The Divorce of Lord and Lady Bregg-Zitt


The Divorce of Lord and Lady Bregg-Zitt
by Hugh Pillock

For the umpteenth time, Normah Bregg-Zitt found her toothpaste had been pushed to the bottom of the tube.

Oh Fark it,’ she complained, in her dulcet yet strident public school / Oxbridge / L.S.E. cultivated tones.
Brexit satire

Normah methodically teased the contents back up the tube towards the EXIT, and folded the vacant end of the tube over so that HE (HE being Lord Norman Bregg-Zitt, her husband) couldn’t squeeze it all the wrong way again.

It wasn’t malice on his part.

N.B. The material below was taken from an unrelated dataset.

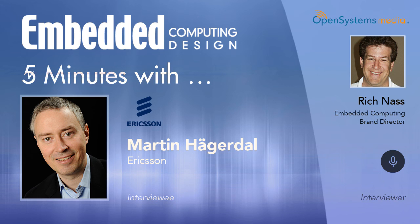Good afternoon. This is Rich Nass, and I am here for this week's installment of Five Minutes With. This week I have the pleasure of speaking with Martin Hagerdahl, and he is the president of Ericsson Power Modules, which is an independent company within the Ericsson Group. Good afternoon, Martin. How are you?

Being 7th generation filthy rich, he thought that things like tubes of toothpaste appeared for his use and were probably renewed daily, overnight, by something.

His mind was so elsewhere that he didn’t literally waste his time cogitating the word ‘something’, let alone contemplating what the nature of the something might be – destiny, his just desserts, a slave, Wi-Fi operated invisible domestic help, illegal imminents (a Freudian slip on his part) ...

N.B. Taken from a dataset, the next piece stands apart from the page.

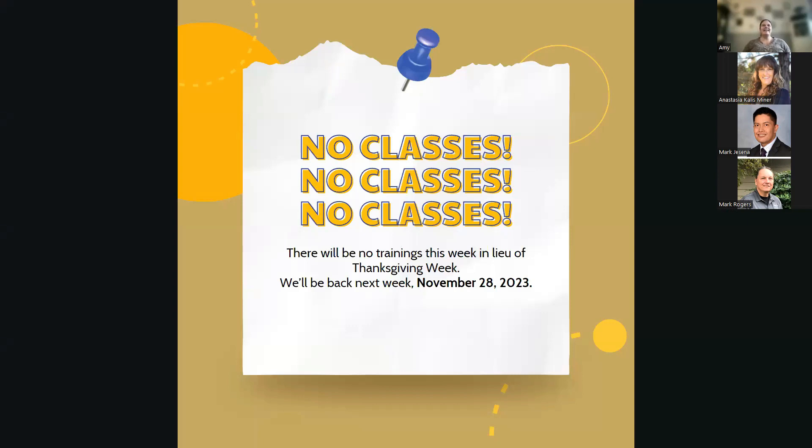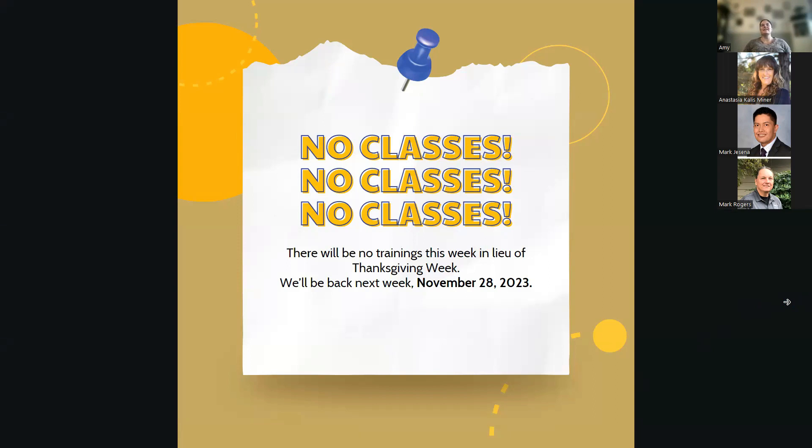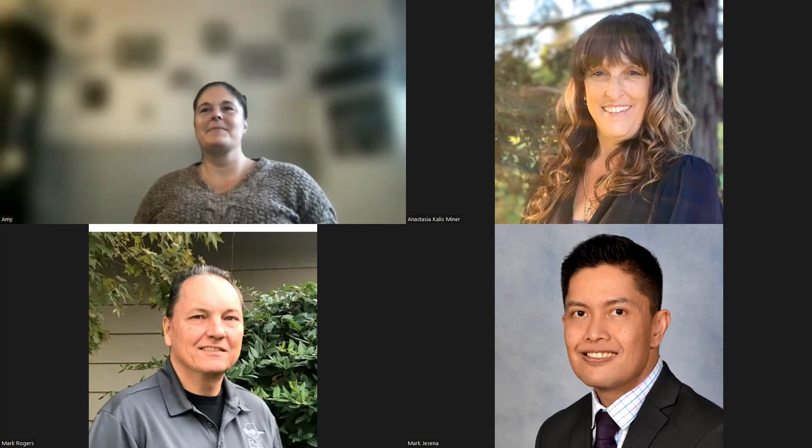There will be no class tomorrow because it's Friendsgiving in the office, and no trainings next week because of Thanksgiving week. We'll be back on November 28th. Happy Thanksgiving, everyone!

Anyway, Lord and Lady Bregg-Zitt condescended to speak to each other.

Theirs was really a Marriage of Inconvenience, thought Lord Bregg-Zitt, what with HER being only 4th generation filthy rich. Still, it could be worse. According to the Daily Excess, his chosen rag, which Jives fetched from the village shop, assuring the shopkeeper that it was for his own use (Jives’) not for his Lordship, some of the commoners had a Marriage of Public Convenience, which apparently involved pre-marital gymnastics in odious, odorous public buildings amorously scented with Eau de Disinfectant.
What was the world coming to?

If Lord and Lady Bregg-Zitt had been meaningfully educated, rational, sane or awake, or, better still, any combination of these 4 beneficent qualities, they might have considered the empathic approach to problem solving:
Talk to each other (and listen) to find a mutually satisfactory compromise;

or the pragmatic (and delightfully simple) approach:
Keep two tubes of toothpaste in the baaaathroom (the Bregg-Zitt pronunciation): one red, one blue. i.e. one each.

What they did do was contemplate their predicament, thus:
There is one fly in our ointment. Q. To divorce or not?

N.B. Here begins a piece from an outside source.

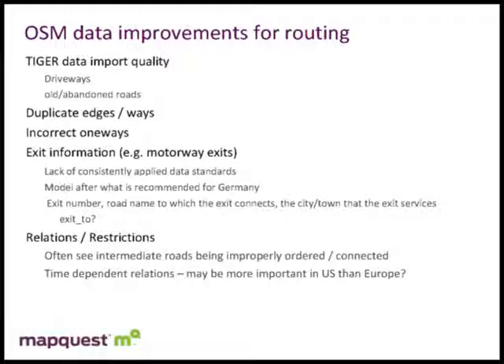Exit information is also important. We'd like to be able to ascertain the exit number and the road onto which the exit connects — which we can get by walking the path. But many exit signs say 'towards Atlanta' and we'd like to have that in the data. Looking at the wiki, I think it's modeled pretty well in Germany, but getting that propagated and populated would help. Relations and restrictions obviously need attention. Time-dependent restrictions — where you can't make a left turn at certain times of day — getting those populated will be a time-consuming process, but hopefully with tools that make it easier, the community will work on them.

So they ordered Jives to construct (their word) a large quantity of slips of paper suitable for a ballot.

The instructions on the ballot paper were simple: tick DIVORCE or NOT DIVORCE, one box only.

These slips of expensive watermarked paper were taken to the village pub on a Saturday night.

Lady Normah Bregg-Zitt prepared the pre-vote speech / instructions on account of her pricey pseudo-education.

Lord Norman Bregg-Zitt delivered the oratory on account of his inability to notice several commoners making rude gestures in his direction and others imitating his voice, but he was clearly able to outperform anyone in volume.

The congregated boozers in the Public Bar and the Lounge Bar gazed at their slips of paper and pondered.

They didn’t read any related ‘relationship’ books, use their smart phones to search, or their brains, or their hearts, but several regulars had so few brain cells left that self reflection or doubt never impeded their mouths, so they pontificated mightily, and the rest were entertained.

The counting was a surprise:

Everyone in the Public Bar had voted DIVORCE since Ned the Neanderthal was by far the most forceful neuron-free spokesperson in the room.

Everyone in the Lounge bar voted DON’T DIVORCE, retired school teacher Abi Seedy Eeeah proving able to recite 17,000 harmonious New Age tweets about #UniversalHarmony from memory.

That’s settle then,” chorused the temporarily betrothed Lord and Lady Bregg-Zitt in a rare moment of albeit vocal harmony, as they sat in one of their Mercedes coup├ęs in the pub car park.
They reminisced for a moment. Then experienced another knee trembling moment of emulating a two person choir:

If we’ve made a mistake, we can blame the voters!”

This exchange led to glances and a long forgotten feeling of fondness, which, given the recent poll and imminent solicitors bills, was a bloody nuisance. They shook off the feeling, and the wheels of the inevitable creaked agonisingly, oiled as they were with the rust of Millennia of Darkness.

Tags: alcohol, brexit, consciousness, fiction, satire

3 comments :

  1. A Douchebag requires no pastes for use about the body as we are born immaculate..and stay so. Inbreeding assures that we stay thus. Quite.

    ReplyDelete
  2. Everlasting teeth, eh, your Lordsheep. I recall your chompers being nearly an exact match of those in your favourite horse.

    ReplyDelete
  3. Another fine tale by Mr. Pillock. I have followed his muse since the 1940's...it was the 50's I believe when he told of Churchill and the deadly fog....in rhyme...

    ReplyDelete

comments welcome; spam is deleted :)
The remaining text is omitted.